I’ve found it fascinating watching the men and women around me and on social media discussing a high profile case this week.
There has been an overwhelmingly male chorus singing from a familiar song book. I may be being unfair to men, in that in most cases they spoke over the top of, or instead of women, so the women may have shared their view – I just didn’t hear it. These voices were at work, on radio panels (I’m looking at you RNZ) and on social media. The songs were “it’s PC gone mad” and “he is a really nice guy” “He is really well respected” “he is just a touchy feely guy”.
Most people are.
Very few people have their friends and colleagues spouting off to the media about what an asshole they are. Most people have a place where they fit in and feel at home. Most people have mates who think they are a good bloke, a top guy, a bit of a hard case.
It doesn’t mean that for some people they aren’t a danger, an unsafe person, a creeper, that person at work that you avoid. And just because your mother/colleague/wife loves you, doesn’t mean you aren’t a total asshole to someone else.
I would really like people to remember two key things.
1) It’s REALLY important to remember that safe is a movable line, and it is set by the receiver of contact, not the giver.
2 ) Creepy out of line behaviour doesn’t happen because people are always sneaky. It happens because people are entitled and the people around them let it happen.
Here is an easy example of that movable safe line…
People who catch crowded commuter trains in Japan will feel safer with someone standing close next to them on public transport than people that commute on NZ trains. Your personal bubble is what you are used to, and it is often the same among people of the same living environs/culture. But even within a one similar group, not everyone is the same, and direct physical contact beyond a basic handshake should be carefully evaluated. People who have their personal safety violated in the past will not feel safe with hugs from randoms that might be seen as totally okay by the other 60% of the workforce.
As a self-aware professional, it is part of my job to assess how I interact with my colleagues just as much as I do my clients. I can easily go a day without physical contact and come to work for the next twenty years. Missing out on physical touch is nothing compared to the feeling of someone encroaching on your personal space and feeling like you are in a constant state of defence. People need to stop seriously thinking that their right to touch others as they see “normal” is equally important as someone else’s right to NOT BE TOUCHED WITHOUT ASKING.
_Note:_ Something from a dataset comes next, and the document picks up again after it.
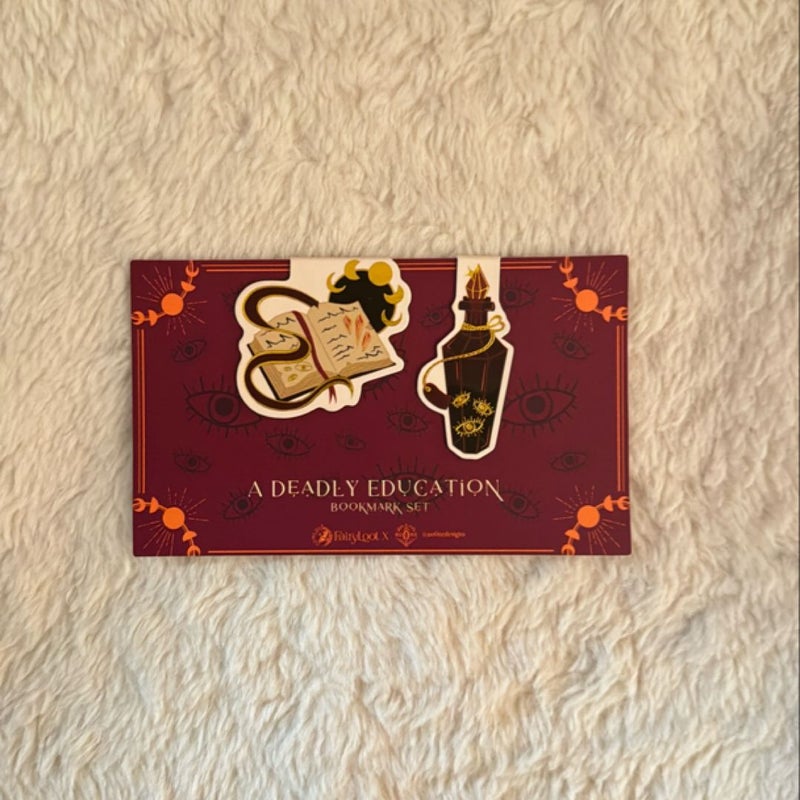 A Deadly Education magnetic bookmarks (FairyLoot exclusive)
Any sense that your way is the best way and people should just accept your behaviour involving their space and body is a massively entitled view. This is an especially odd view when you consider that most of the men I was listening to today were deeply concerned at their rapidly vanishing super important right to act how they choose at work. So they DO UNDERSTAND THAT WE HAVE RIGHTS.
Our right to feel safe just isn’t as important as their right to do what they want.
Heads up lads. You will know when the feminazis are winning, and it won’t be because you can’t harass us at work. It will be when you are held accountable for those actions and the population stops seeing you as a nice guy for it. I'm gonna add in an extra wish that the media ceases it's witch hunts of women who dare to complain.
It doesn’t seem that extreme to me. But then, what would I know?